軌道法に基づく軌道として特許され、2005年に開催された愛知万博(愛・地球博)の会場アクセス路線として建設された。万博閉幕後は名古屋市営地下鉄東山線や愛知環状鉄道線と連絡し、名古屋市内と東部丘陵地域を結ぶ、地域輸送路線としての利用が期待されている。
路線は概ね県道6号力石・名古屋線に沿って建設されており、藤が丘駅付近は地下線、はなみずき通駅付近で地表へ上り、以東の区間は高架線となっている。
「リニモ」ではATOによる無人運転を採用し、また安全面にも配慮して全駅にホームドアが整備されている(地下を走る藤が丘~はなみずき公園間では乗務員が乗り込む)。
なお、東部丘陵線で使われている100形車両は、2005年度グッドデザイン賞[1] と2006年度ローレル賞をそれぞれ受賞した。

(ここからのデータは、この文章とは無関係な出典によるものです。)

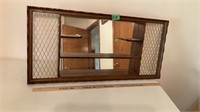 Hanging shelf with mirror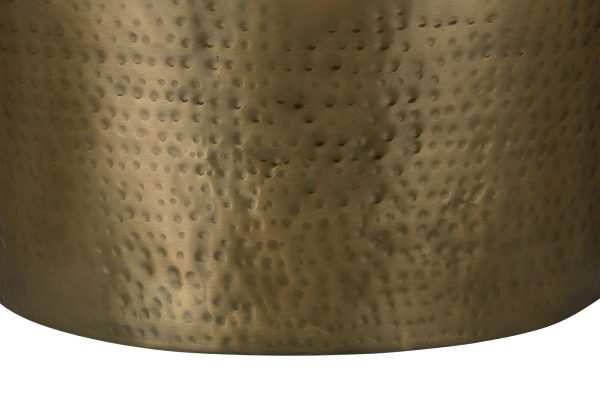 ACCENT TABLE - 22"H / GOLD IRON METAL DRUM END TABLE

また、台北市が東部丘陵線と同じHSSTの導入を検討しているとの報道がされている。
[編集] 運行形態
最高速度100km/hで、藤が丘~八草間の所要時間は約17分。最終列車として藤が丘0:05発の愛・地球博記念公園行きがあるほかは、藤が丘~八草間の運転である。平日・土曜休日ともに昼間時10分毎、平日朝ラッシュ時は7分毎の運行体系となっている。
愛知万博開催時の運行形態は愛知万博輸送の項を参照。
[編集] 建設の経緯
東部丘陵地域が「あいち学術研究開発ゾーン」として学術研究施設や公園、宅地開発が進められることになり、輸送需要の増加に対応でき、交通渋滞に悩まされない軌道系交通機関が求められることになり、元来あった藤が丘~長久手間に地下鉄1号線(東山線)を延伸する計画を発展させる形で東部丘陵線の構想が生まれた。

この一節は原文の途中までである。